[Caption-style text data]

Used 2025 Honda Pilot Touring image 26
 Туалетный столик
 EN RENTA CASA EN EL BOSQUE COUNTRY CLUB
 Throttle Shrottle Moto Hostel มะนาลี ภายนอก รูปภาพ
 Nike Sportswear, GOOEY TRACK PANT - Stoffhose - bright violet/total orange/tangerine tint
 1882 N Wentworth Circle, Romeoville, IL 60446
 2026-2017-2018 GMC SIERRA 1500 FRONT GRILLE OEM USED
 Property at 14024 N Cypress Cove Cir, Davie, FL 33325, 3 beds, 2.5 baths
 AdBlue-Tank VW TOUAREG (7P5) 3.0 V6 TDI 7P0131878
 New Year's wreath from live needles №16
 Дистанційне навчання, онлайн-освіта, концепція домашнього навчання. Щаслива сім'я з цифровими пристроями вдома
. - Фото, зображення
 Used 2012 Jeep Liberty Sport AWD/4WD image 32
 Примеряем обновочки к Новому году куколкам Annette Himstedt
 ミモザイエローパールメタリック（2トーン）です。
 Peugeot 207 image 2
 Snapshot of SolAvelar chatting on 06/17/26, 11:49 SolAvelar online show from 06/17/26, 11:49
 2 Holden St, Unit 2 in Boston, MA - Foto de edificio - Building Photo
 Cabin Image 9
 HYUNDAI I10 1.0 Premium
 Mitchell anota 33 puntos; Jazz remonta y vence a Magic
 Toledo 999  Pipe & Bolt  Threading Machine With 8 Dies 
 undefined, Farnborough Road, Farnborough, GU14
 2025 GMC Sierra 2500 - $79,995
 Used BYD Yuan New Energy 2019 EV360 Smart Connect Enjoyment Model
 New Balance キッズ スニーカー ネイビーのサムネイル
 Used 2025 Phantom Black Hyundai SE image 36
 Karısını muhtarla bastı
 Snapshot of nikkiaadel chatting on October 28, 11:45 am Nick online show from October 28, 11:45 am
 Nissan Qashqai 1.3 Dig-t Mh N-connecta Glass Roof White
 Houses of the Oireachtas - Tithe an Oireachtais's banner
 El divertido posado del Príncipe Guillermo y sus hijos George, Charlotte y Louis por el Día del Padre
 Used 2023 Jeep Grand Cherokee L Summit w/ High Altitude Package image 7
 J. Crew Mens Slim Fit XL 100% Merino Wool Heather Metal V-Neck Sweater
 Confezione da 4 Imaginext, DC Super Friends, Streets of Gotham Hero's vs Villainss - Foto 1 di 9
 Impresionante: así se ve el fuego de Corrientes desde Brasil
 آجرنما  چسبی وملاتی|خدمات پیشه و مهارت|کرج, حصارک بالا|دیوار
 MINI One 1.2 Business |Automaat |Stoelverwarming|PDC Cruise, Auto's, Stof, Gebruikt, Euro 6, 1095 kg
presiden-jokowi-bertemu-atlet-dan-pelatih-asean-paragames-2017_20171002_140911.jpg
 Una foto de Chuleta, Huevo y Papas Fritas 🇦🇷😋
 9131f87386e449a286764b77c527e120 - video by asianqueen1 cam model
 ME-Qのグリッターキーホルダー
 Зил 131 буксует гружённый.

Task brief
Nothing should be returned except the lines from the first line of the data above through the line with "Дистанційне навчання, онлайн-освіта, концепція", each one exact.

Your solution
Used 2025 Honda Pilot Touring image 26
 Туалетный столик
 EN RENTA CASA EN EL BOSQUE COUNTRY CLUB
 Throttle Shrottle Moto Hostel มะนาลี ภายนอก รูปภาพ
 Nike Sportswear, GOOEY TRACK PANT - Stoffhose - bright violet/total orange/tangerine tint
 1882 N Wentworth Circle, Romeoville, IL 60446
 2026-2017-2018 GMC SIERRA 1500 FRONT GRILLE OEM USED
 Property at 14024 N Cypress Cove Cir, Davie, FL 33325, 3 beds, 2.5 baths
 AdBlue-Tank VW TOUAREG (7P5) 3.0 V6 TDI 7P0131878
 New Year's wreath from live needles №16
 Дистанційне навчання, онлайн-освіта, концепція домашнього навчання. Щаслива сім'я з цифровими пристроями вдома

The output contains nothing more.